Actually, I think you can still divide people into ancients, who naturally fulfill themselves in the public sphere, (e.g. my husband) and the moderns, who are interested in their own consciousness and the way their own perceptions of the world add up to what they know. I guess we are readers. There are fewer of us now, as Will Self wrote in the Guardian not long ago, young people don't read novels.

But you can't say they don't like a good story! Look at "Game of Thrones". I am not able to comment on this work because I haven't read it. I know S gave up on it but F's friends discuss it excitedly and she says she is going to read the whole multi-volume saga as a post-exam chillout.

But they don't want to have to work at anything. I saw on the news yesterday clips of young people explaining why they hadn't voted, and they said: we don't know enough about it. Well, I felt the same so I went and searched for info on the web, the way that's so easy and natural these days. then I was able to brief my daughter while walking to the polling station (her first time voting, we insisted that she vote for something, - anything!) But if the young people feel that they can't make important decisions for themselves, it's as though they are saying; "We are children, please decide for us, because you know best." They are passengers, and modernists, with their headphones on blocking out everything but their own consciousness, and they need a more Aristotelian point of view.

In the end I voted Green in the hope that there would be enough Green people acting in concert in Europe to protect the fish. Yup, I voted to save the fish.
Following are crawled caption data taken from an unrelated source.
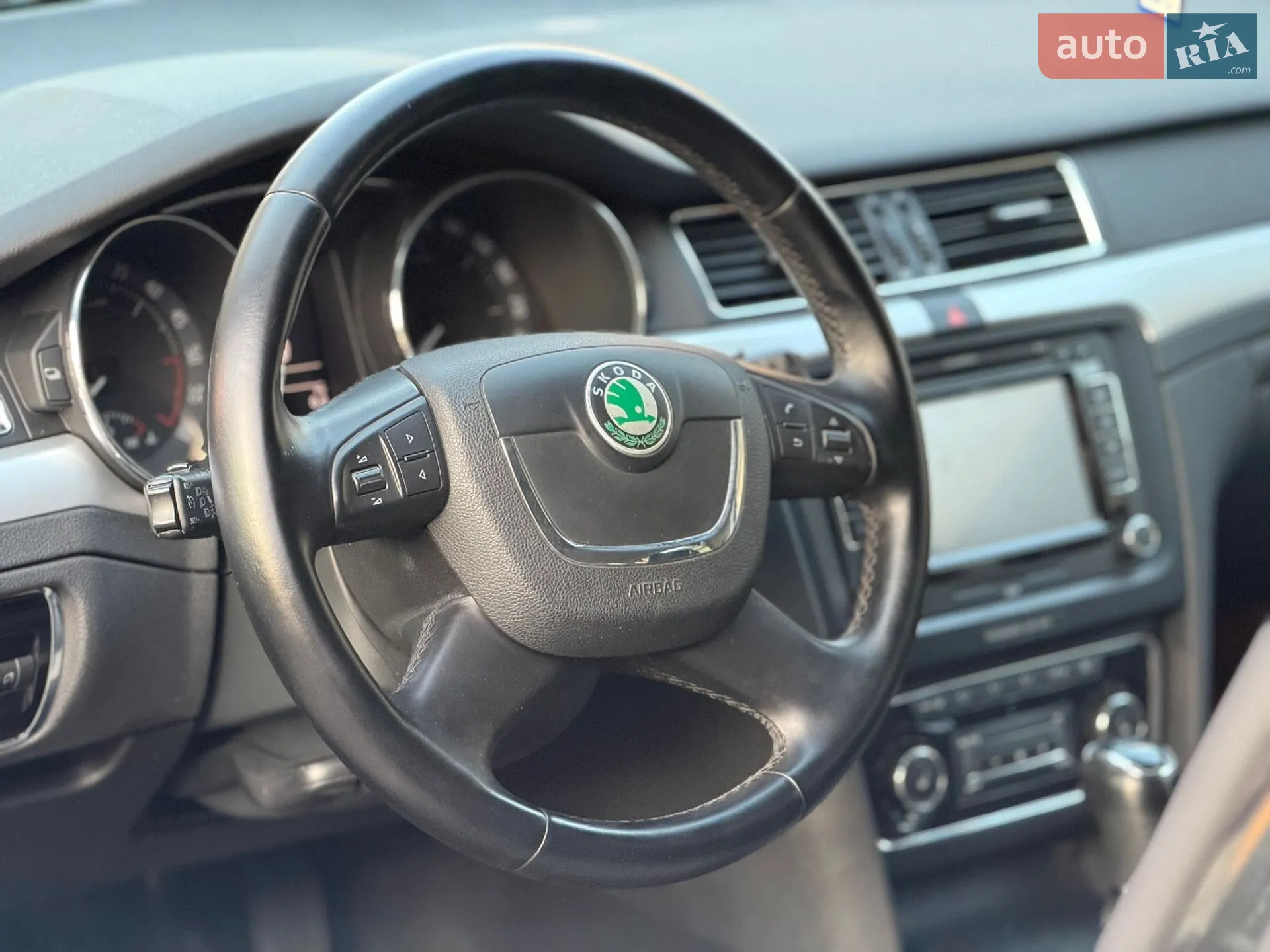 2013 Skoda Superb - мініатюра 30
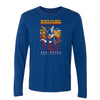 2021 Red Rocks Long Sleeve (Men)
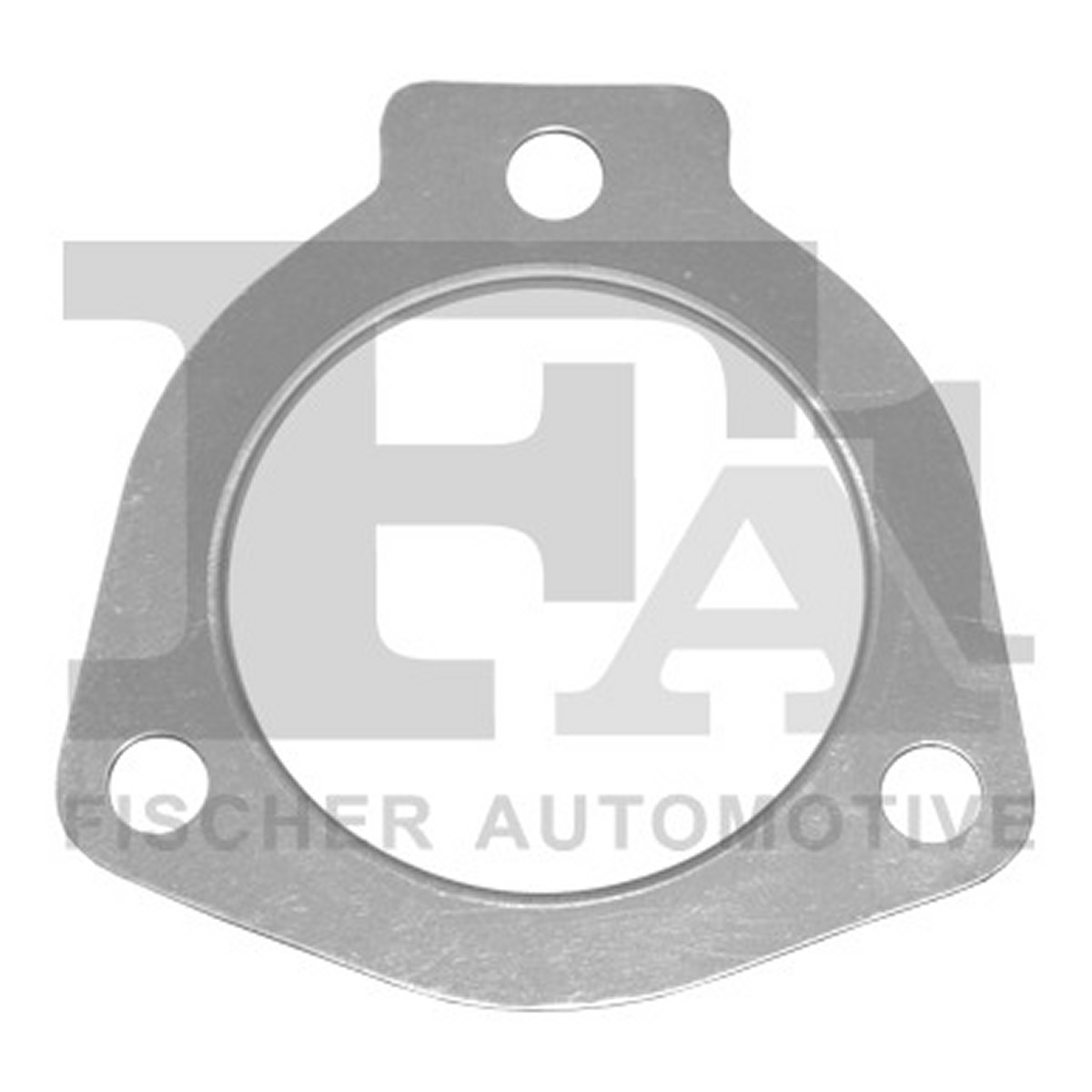Прокладка вихлопної системи металева OPEL FISCHER (120-951) Fischer фото 3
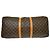 Louis Vuitton Keepall Monogram Canvas 55 - vista 7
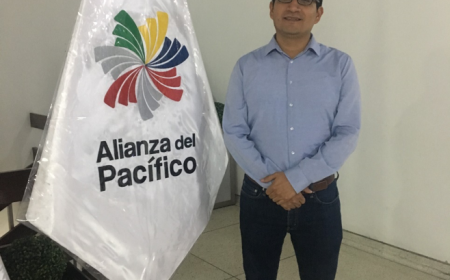 Chaski Ventura, ejemplo de integración para la promoción turística de la Alianza del Pacífico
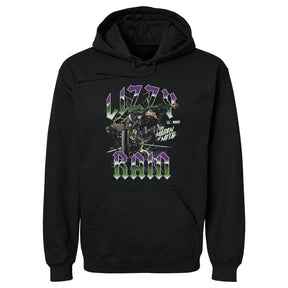 Lizzy Rain Men's Hoodie | 500 LEVEL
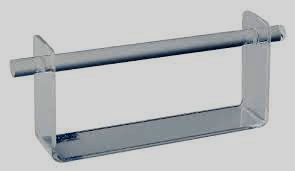 Porte bracelet en plexiglas BJ708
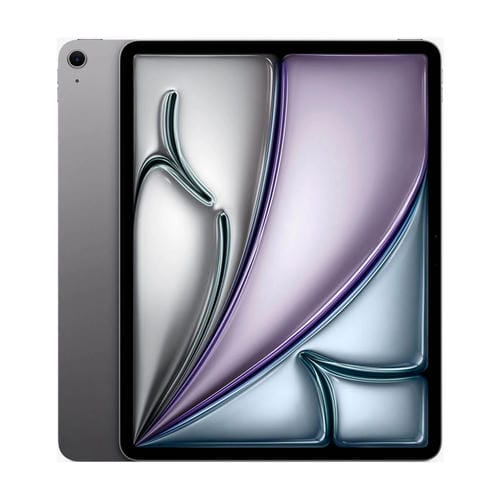 Apple iPad Air 2024 13 128GB Wi-Fi Gray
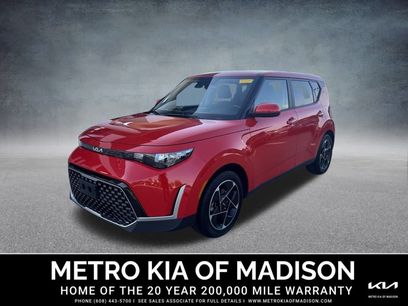 Used 2023 Kia Soul EX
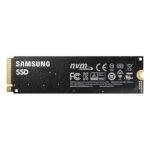 Samsung 980 500GB - Afbeelding 3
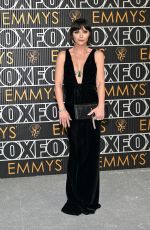 CHRISTINA RICCI at 75th Primetime Emmy Awards in Los Angeles 01/15/2024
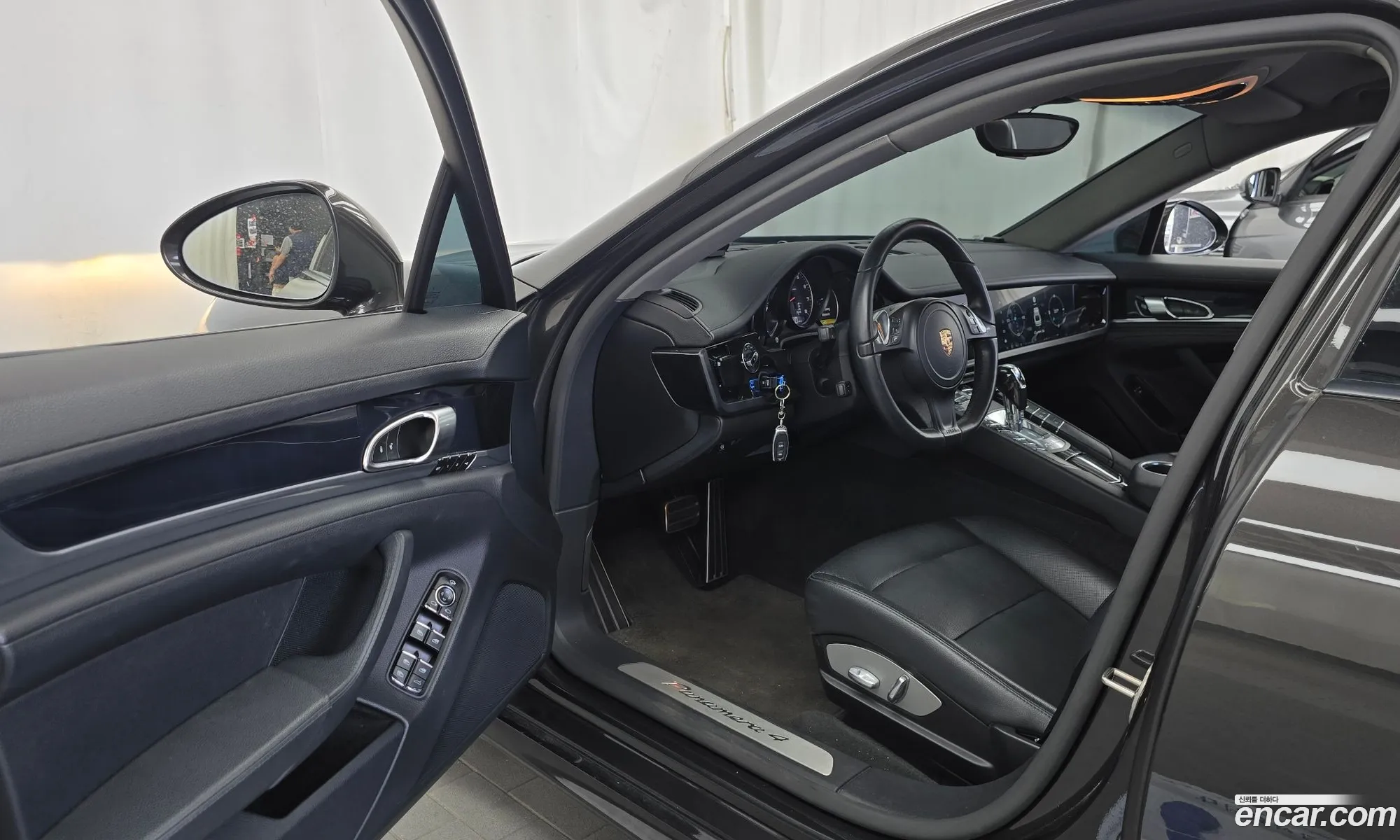 Porsche Panamera 2014 WP0AA2972EL011133 — 20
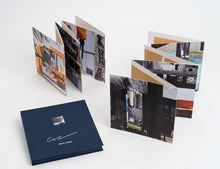 Load image into Gallery viewer, Steve Roden: this is a song from under the floor boards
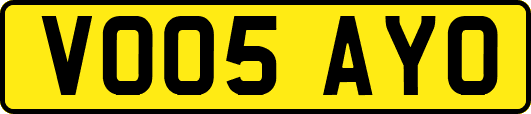 VO05AYO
My two German girls don't want to continue English lessons with me. I think that's because I kept wanting them to discuss things they have no ideas or opinions about. It is amazing that these intelligent young women (20+) have no ideas or opinions, and I'm not sure I will really miss them. But I said I would. Of course, they gave other reasons for not continuing, :- their plans had changed and they were returning to Germany earlier and they had decided not to take the Advanced exam after all.